MediaPipeFaceMesh

MediaPipeFaceMesh-MediaPipe wraps the MediaPipe JS Solution within the familiar TFJS API mediapipe.dev.

Please try our our live demo.


Table of Contents

  1. Installation
  2. Usage

Installation

To use MediaPipeFaceMesh:

Via script tags:

<!-- Require the peer dependencies of face-landmarks-detection. -->
<script src="https://cdn.jsdelivr.net/npm/@mediapipe/face_mesh"></script>
<script src="https://cdn.jsdelivr.net/npm/@tensorflow/tfjs-core"></script>

<!-- You must explicitly require a TF.js backend if you're not using the TF.js union bundle. -->
<script src="https://cdn.jsdelivr.net/npm/@tensorflow/tfjs-backend-webgl"></script>

<script src="https://cdn.jsdelivr.net/npm/@tensorflow-models/face-landmarks-detection"></script>

Via npm:

yarn add @mediapipe/face_mesh
yarn add @tensorflow/tfjs-core, @tensorflow/tfjs-backend-webgl
yarn add @tensorflow-models/face-landmarks-detection

Usage

If you are using the face-landmarks-detection API via npm, you need to import the libraries first.

Import the libraries

import '@mediapipe/face_mesh';
import '@tensorflow/tfjs-core';
// Register WebGL backend.
import '@tensorflow/tfjs-backend-webgl';
import * as faceLandmarksDetection from '@tensorflow-models/face-landmarks-detection';

Create a detector

Pass in faceLandmarksDetection.SupportedModels.MediaPipeFaceMesh from the faceLandmarksDetection.SupportedModels enum list along with a detectorConfig to the createDetector method to load and initialize the model.
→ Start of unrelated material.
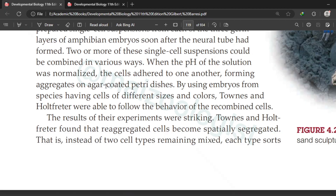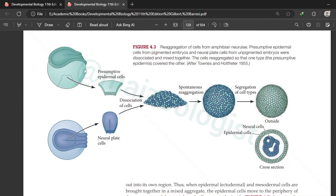By using embryos from species having different cell types, cells of different size and colors, these two researchers were able to follow the behavior of recombined cells. For example, they took ectodermal cells from one species and endodermal or mesodermal cells from another species, and in this way they were able to track which cell is going where. Presumptive epidermal cells were taken from one species embryo and neural plate cells from another species embryo, and we can differentiate between these two cell types based on their shape and color.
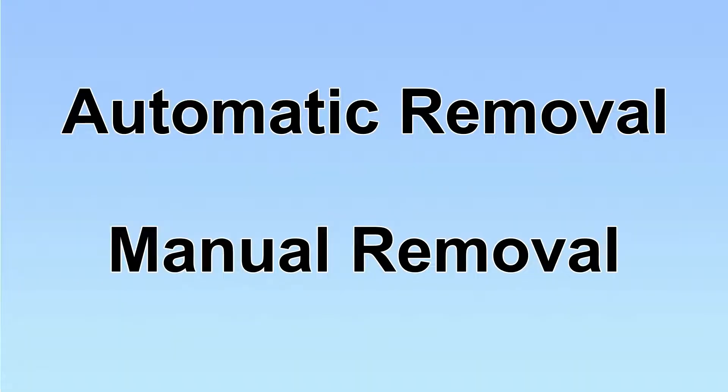We have two solutions to remove the virus: automatic removal and manual removal.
detectorConfig is an object that defines MediaPipeFaceMesh specific configurations for MediaPipeFaceMeshMediaPipeModelConfig:

  • runtime: Must set to be ‘mediapipe’.

  • maxFaces: Defaults to 1. The maximum number of faces that will be detected by the model. The number of returned faces can be less than the maximum (for example when no faces are present in the input). It is highly recommended to set this value to the expected max number of faces, otherwise the model will continue to search for the missing faces which can slow down the performance.

  • refineLandmarks: Defaults to false. If set to true, refines the landmark coordinates around the eyes and lips, and output additional landmarks around the irises.

  • solutionPath: The path to where the wasm binary and model files are located.

const model = faceLandmarksDetection.SupportedModels.MediaPipeFaceMesh;
const detectorConfig = {
  runtime: 'mediapipe',
  solutionPath: 'https://cdn.jsdelivr.net/npm/@mediapipe/face_mesh',
                // or 'base/node_modules/@mediapipe/face_mesh' in npm.
};
detector = await faceLandmarksDetection.createDetector(model, detectorConfig);

Run inference

Now you can use the detector to detect faces. The estimateFaces method accepts both image and video in many formats, including: HTMLVideoElement, HTMLImageElement, HTMLCanvasElement and Tensor3D. If you want more options, you can pass in a second estimationConfig parameter.

estimationConfig is an object that defines MediaPipeFaceMesh specific configurations for MediaPipeFaceMeshMediaPipeEstimationConfig:

  • flipHorizontal: Optional. Defaults to false. When image data comes from camera, the result has to flip horizontally.

The following code snippet demonstrates how to run the model inference:

const estimationConfig = {flipHorizontal: false};
const faces = await detector.estimateFaces(image, estimationConfig);

Please refer to the Face API README about the structure of the returned faces array.